%%
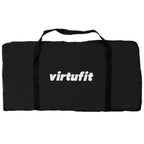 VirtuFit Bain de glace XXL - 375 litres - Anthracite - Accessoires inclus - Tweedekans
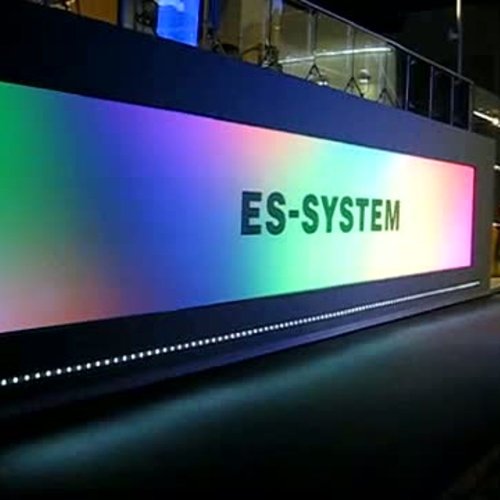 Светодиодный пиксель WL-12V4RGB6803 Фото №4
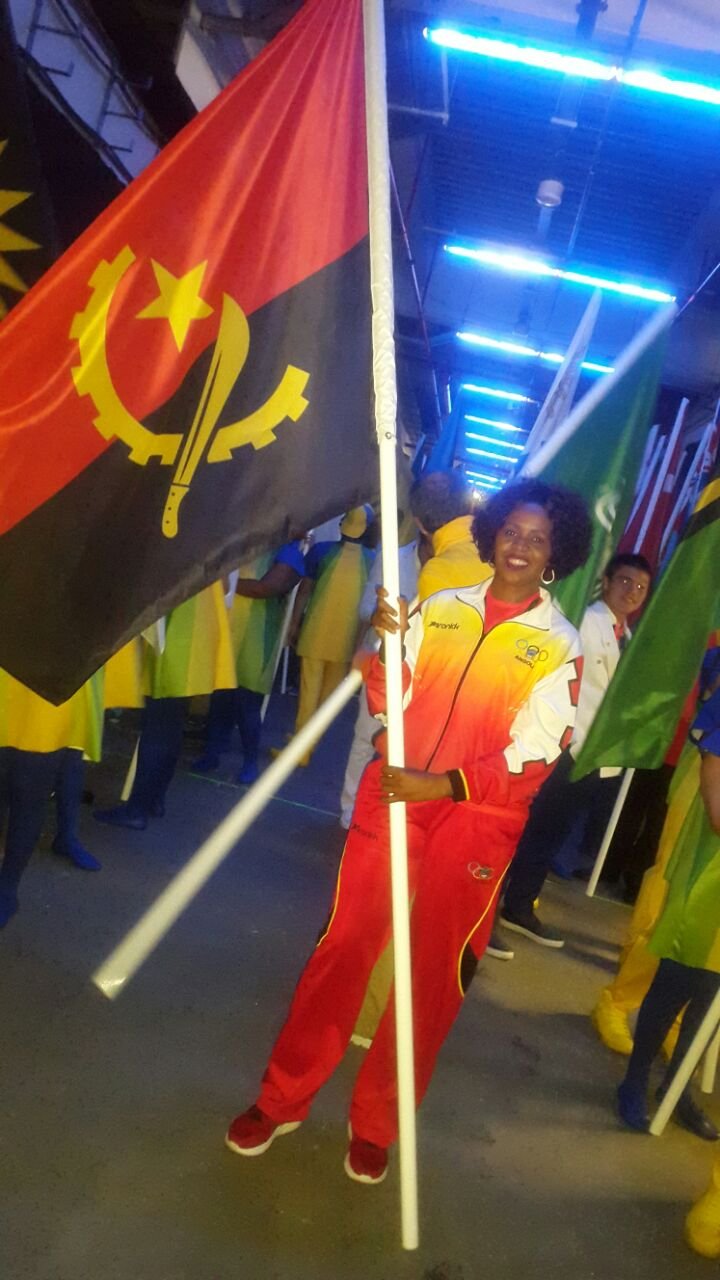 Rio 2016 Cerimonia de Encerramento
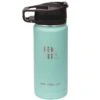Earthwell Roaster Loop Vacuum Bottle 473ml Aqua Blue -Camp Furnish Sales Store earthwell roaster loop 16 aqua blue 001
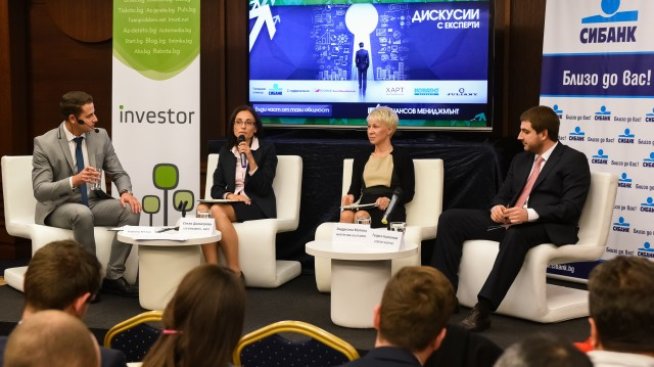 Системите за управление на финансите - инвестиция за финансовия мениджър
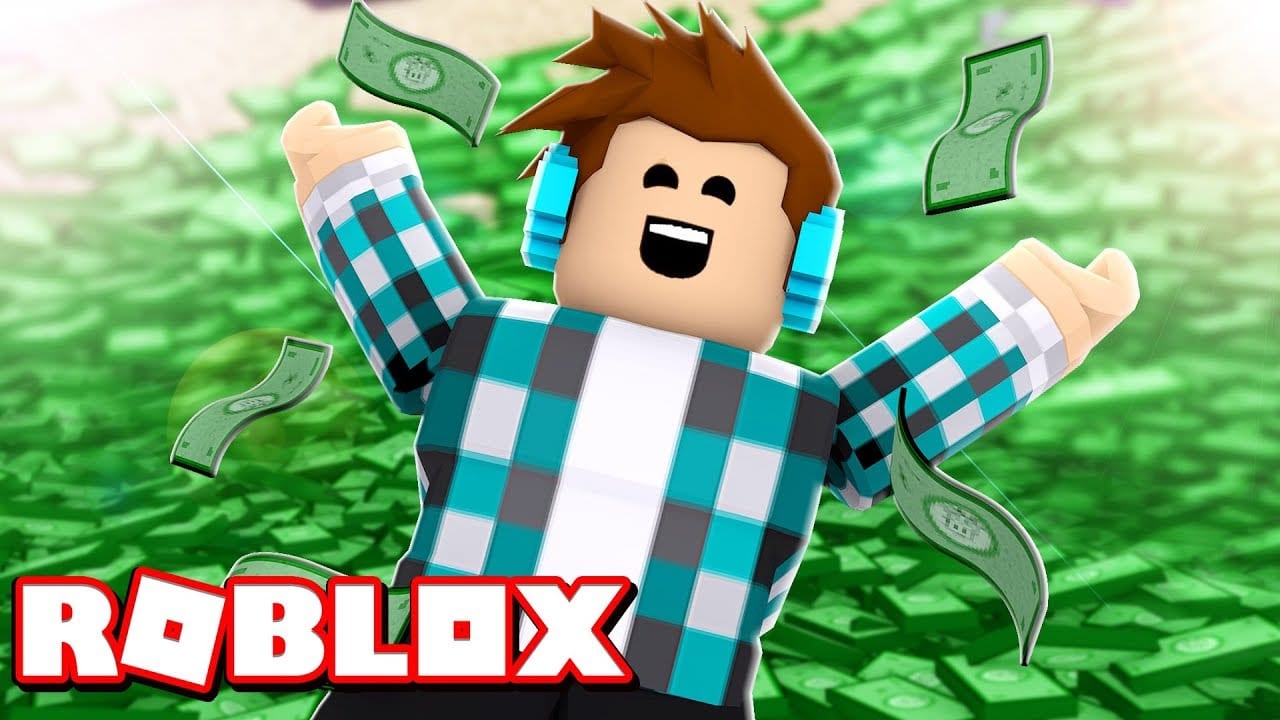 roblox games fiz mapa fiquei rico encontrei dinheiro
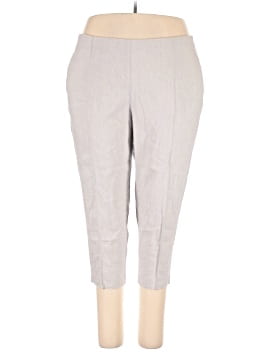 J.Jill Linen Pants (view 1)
%%
%%
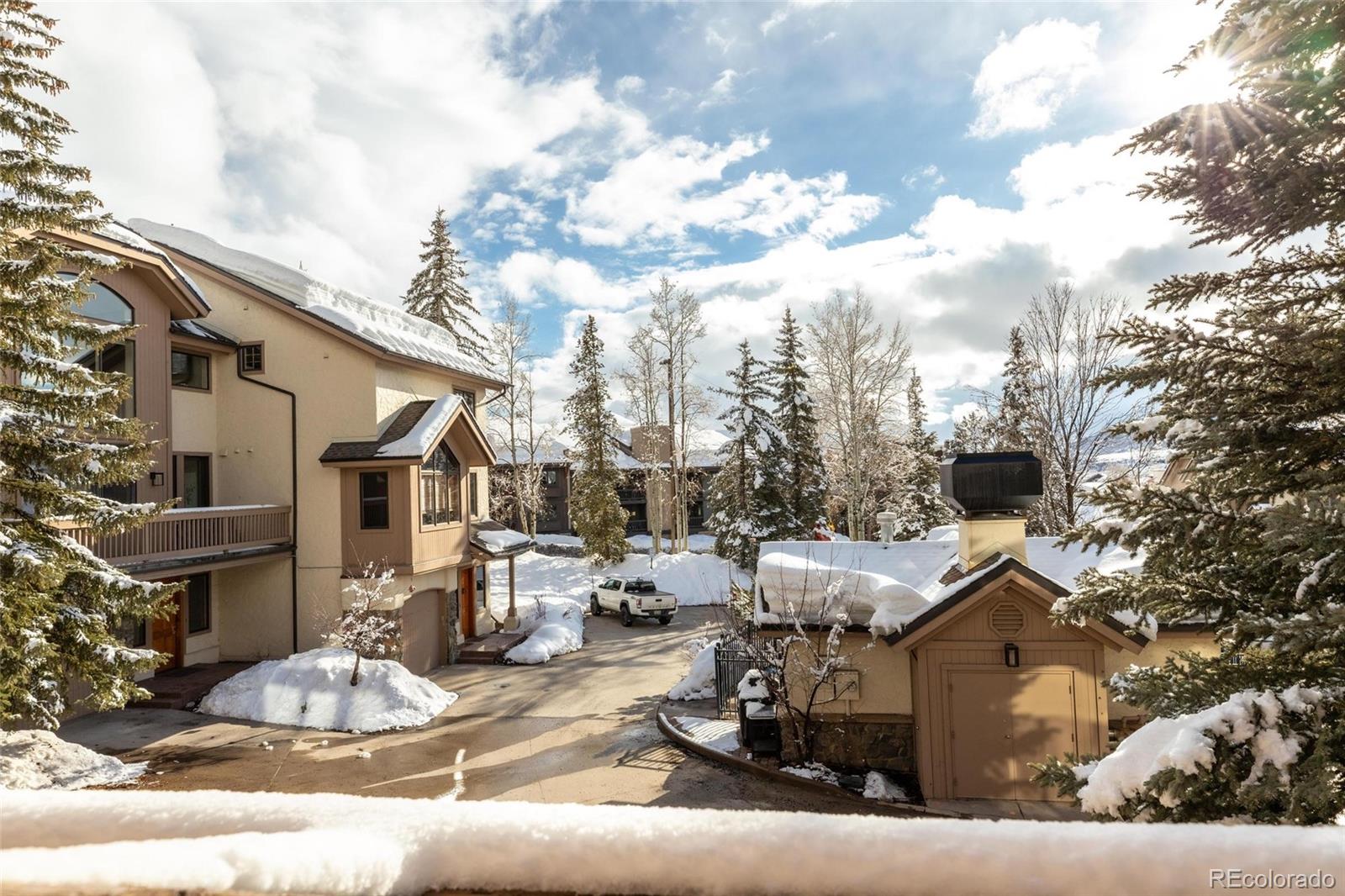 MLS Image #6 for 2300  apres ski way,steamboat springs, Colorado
%%
%%
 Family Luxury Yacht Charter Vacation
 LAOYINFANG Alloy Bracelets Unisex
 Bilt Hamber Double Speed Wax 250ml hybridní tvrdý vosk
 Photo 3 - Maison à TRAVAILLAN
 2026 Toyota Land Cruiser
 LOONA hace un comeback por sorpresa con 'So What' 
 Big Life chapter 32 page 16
%%
=== PROBLEM STATEMENT ===
Copy nothing but the lines above from the one with "Earthwell Roaster Loop Vacuum" to the one with "roblox games fiz", inclusive, word for word. Leave every picture out.

=== OUTPUT BELOW ===
Earthwell Roaster Loop Vacuum Bottle 473ml Aqua Blue -Camp Furnish Sales Store earthwell roaster loop 16 aqua blue 001
 Системите за управление на финансите - инвестиция за финансовия мениджър
 roblox games fiz mapa fiquei rico encontrei dinheiro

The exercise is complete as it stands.